While suicide in China gets a lot of media play, researchers believe the massively falling rate runs contrary to the usually accepted caveat that suicides increase when societies become modernized. Common perception is that people confronted with rapidly changing societies have trouble coping and take their own lives.
Tsinghua University sociologist Jing Jun believes modernization and relocation of many people from rural to urban areas actually lowered the suicide rate. Rural residents had accounted for the majority of suicides in the country. Upwardly mobile people with brighter economic futures were less likely to kill themselves, according to Jing and others.
Urban suicides also have dropped in China. Hong Kong University researchers found those fell to around five suicides per 100,000 people in the last 10 years.

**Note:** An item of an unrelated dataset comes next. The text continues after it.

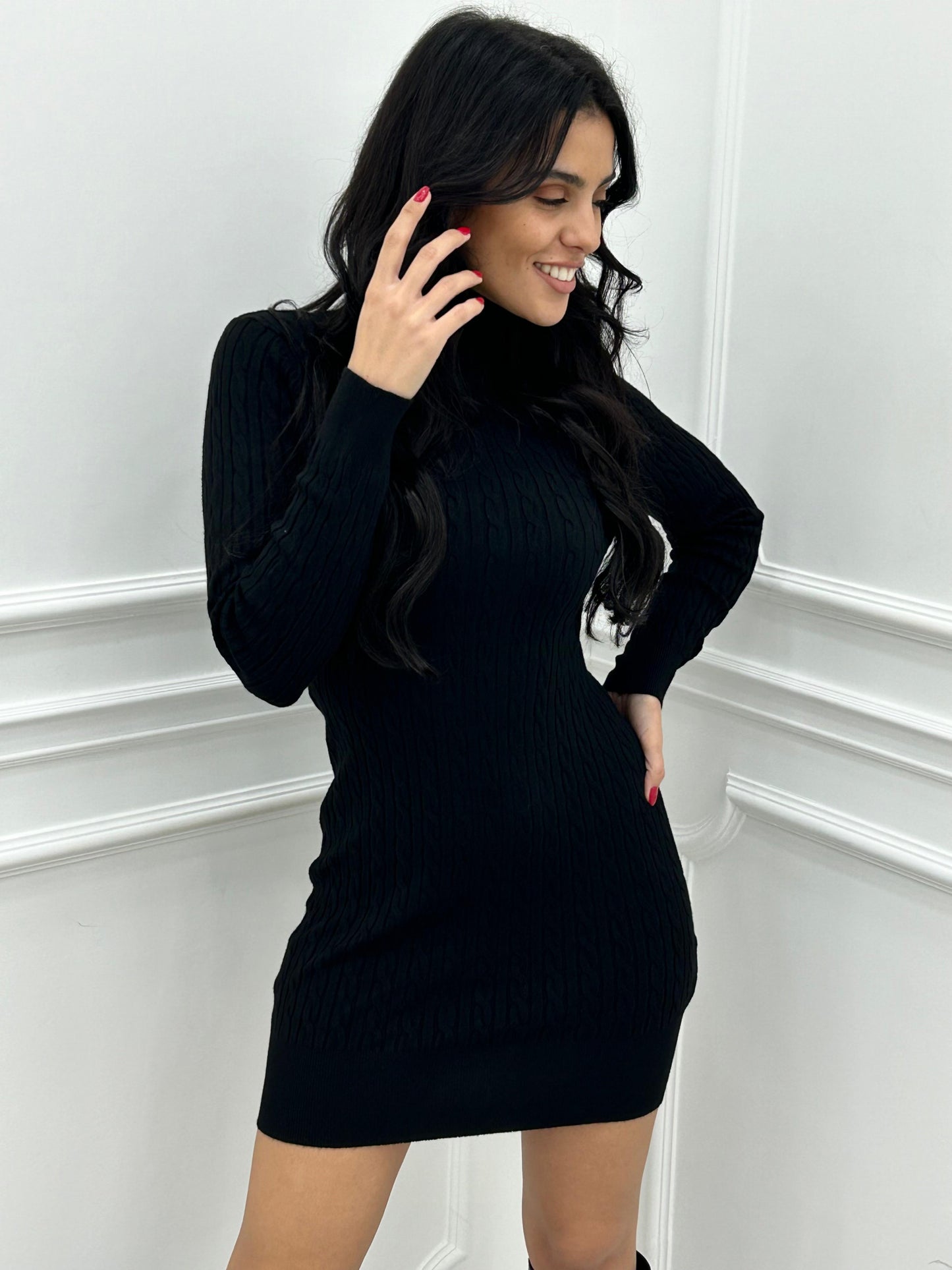 VESTITO COLLO ALTO TRAMA TRECCIA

Despite factors like air pollution and high housing prices, general satisfaction with city living accounted for the drop, according to Jing.
Another, perhaps surprising, reason for the decline in suicides is the breakup of traditional extended families due to urbanization. Fewer members of extended families in the same home or vicinity actually left people more content because they had fewer family struggles, Jing said.
The drop in suicide rates may not last forever, sociologists say. The decline in extended families and rise in one-child households may leave elderly people more likely to kill themselves. The stress of modern living in general also may cause the rate to climb. However, researchers agreed that China's suicide rate probably won't return ever to the extremely high levels of the 1990s.